Further into modernity we find both the project of race-making more advanced and the categories of monster and villain profoundly altered. The monstrous has acquired an entire new track in SF, linked to the constructed ideologies of race and colonialism: the monstrousness of the literal alien race. Davros is clearly a literal embodiment of the process of transition. He is created by working backwards from the Daleks (possibly the ultimate syncresis of the villain/alien/deformed/monster/machine conjunction) to discover a transitional form, a missing link as it were. Davros is human (because he looks human, despite being notionally a ‘Kaled’) and yet inhuman. He’s ‘deformed’ in a way that is left unexplained, though it is implied to be a mutation, with there being notably no attempt made to define whether his villainy is result or cause of his deformation. As well as being ‘human’, he is also a monster. He is literally half-monster. Moreover, his deformity – his ‘mutation’ to use what is in SF simply new lingo for deformity – seems to be the basis for the developed, extrapolated physical monstrosity of the Dalek creature within the shell. He’s a fossil record of the evolution of the modern monster from the early-modern concept of the villain.
He is also a demonstration of a twist in the tale of deformity as villainy: the distinction of disfigurement. Disfigurement is a modern spin on the complex of ideas which links physical monstrosity with moral monstrosity. It is an offshoot on the same evolutionary tree.
Frankenstein’s monster, as ever, occupies a crucial liminal space. He is ‘deformed’ in the sense that he is ‘born’ the way he is, but is ‘disfigured’ in the sense that he is constructed of stitches and sutures and grafts and transplants. Frankenstein is one of the foundations of the Gothic, and the scarred or disfigured person (usually a villain) is donated to the subsequent genre. This fits in with the general way in which the Gothic expresses anxieties about mutilation generated by bourgeois society, but I’ve talked about that elsewhere. The instinct to (ostensibly) rational categorization is suborned to the project of (once again) race-making, which is actually expressed in Frankenstein (as mentioned last time).
The disfigured occupies a connected but distinct space. If ‘deformity’ is about the inborn, or at least the social effect of the inborn, and thus about race or its social effect (when adapted by modernity), then disfigurement is fundamentally about detaching a version of deformity from these things.

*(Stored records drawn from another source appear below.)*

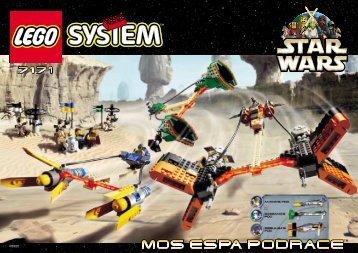 Lego Mos Espa Podracerâ¢ - 7171 (1999) - Sith Infiltratorâ¢ BUILDING INST. FOR 7171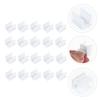 100 Pcs Pen Clip Buckle Whiteboard Holders for Notebook Pencil Clips Adhesive Desk Plastic Bracket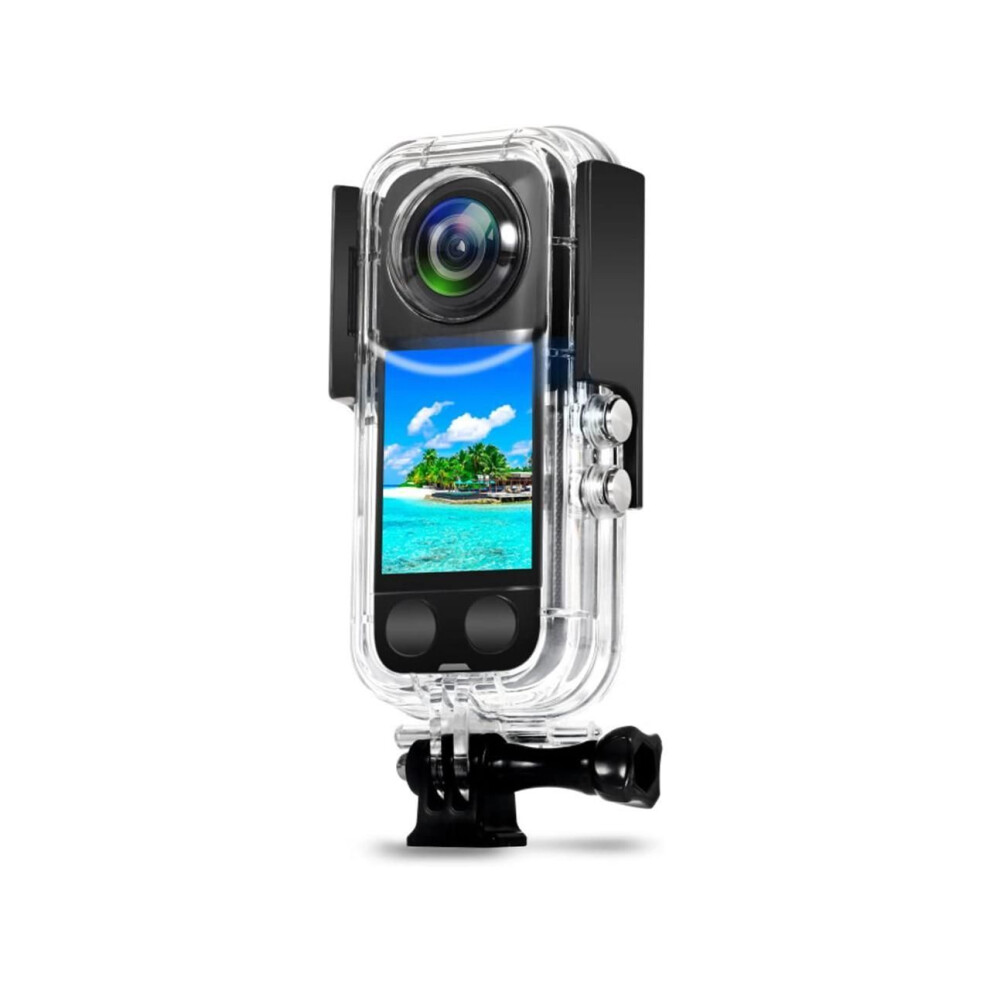 Waterproof Case For Insta 360 One X3 Action Camera, Underwater Diving Protective Housing 40M With Bracket Accessories 609808380248
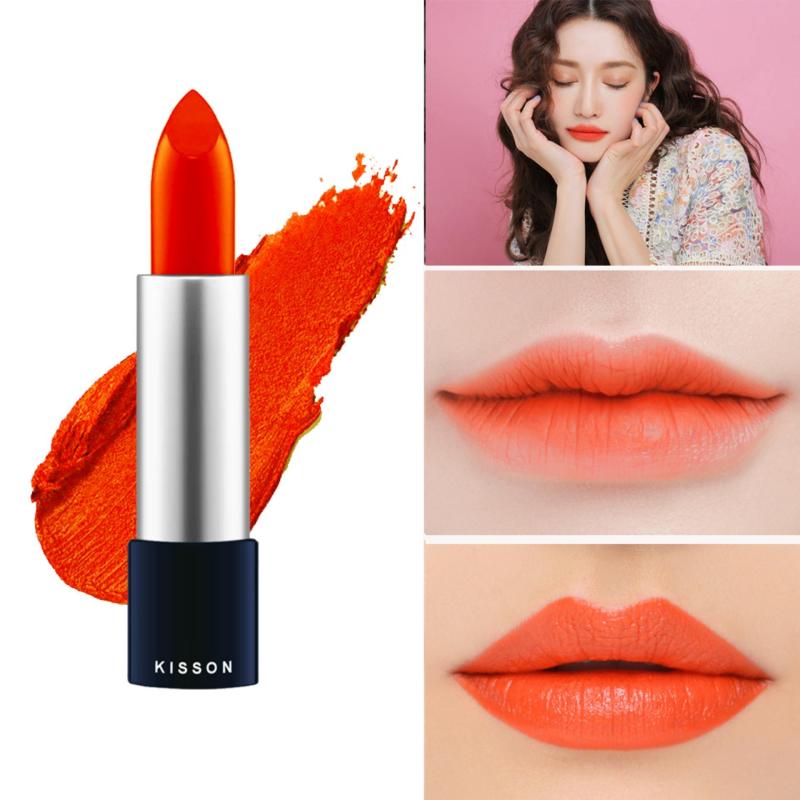 Son lì KISSON Matte Lipstick mã KN04 ( màu cam tươi)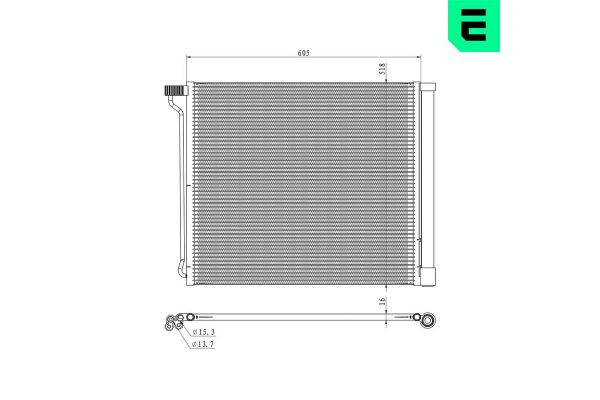 Klima Radyatörü  BMW X5 M Serisi (F85)(2015->)  ERA 667319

It’s about an attempt to view deformity as effect rather than cause, as a result of agency.
Modern pop-culture is replete with scarred or disfigured villains. In Batman’s rogues gallery there’s the Joker and Two-Face. Bond fights lots of disfigured villains… indeed, much as we might like to think we’d be better on this subject than previous generations, Bond seems to fight a higher proportion of disfigured villains now than ever. Three out of four of the villains Craig!Bond came up against were (or became) disfigured. Brosnan!Bond has similar numbers, with only one of his opponents being without mutilation of some kind. What you notice in almost every case is that the disfigurement seems to be the logical – even if sometimes tragic – result of a series of conscious mis-steps, moral or technical, or both. If the projects which lead to disfigurement are not immoral or amoral to start with, then they end up there as a result of the disfigurement. You can see Frankenstein’s monster as Frankenstein’s own disfigurement, the disfigurement of his aims and experiments, or perhaps his death drive, or his id, or his paradoxical rejection of modernity, projected externally upon the world. The Gothic, and the genres that have adopted its interest in disfigurement, has generally merged the two figures into one.
It has to be said for Doctor Who that it hasn’t had that many disfigured villains. On the other hand, the ones it has tend to be biggies. (They also tend to be written by Robert Holmes, but that’s a side issue.) There’s Davros, of course. And the dying-version of the Master. And Sharaz Jek, Magnus Greel, and Morbius (though his condition goes beyond disfigurement, I’d say). The only small-fry, one-off, rote villains I can think of with a disfigurement are the Pirate Captain, George Cranleigh and the Borad. Oh, and there’s Max Capricorn, I suppose… though he’s effectively a cyborg, like the Pirate Captain, which is a whole other can of worms. I think there’s a pretty clear pattern discernible in this list. Most of them are disfigured as a result of some form of scientific and/or industrial overreaching, accident, or blowback. The Master artificially extends his life. Same with Morbius and Max. Jek is caught in the intersection between industrial exploitation of the environment and the ruthless competitiveness of capitalism. Greel is disfigured by a scientific technique he invented but did not fully understand. Same with the Borad. Davros was, presumably, maimed and maybe mutated by a Thal shell. Even Cranleigh comes by his disfigurement because, as an English ‘explorer’ in the age of empire and colonialism, he intrudes on native peoples who want to be left alone (whatever problems there might be with that depiction). They are, in short, engaged in scientific and/or technical projects with aims implied by their texts to be immoral or amoral.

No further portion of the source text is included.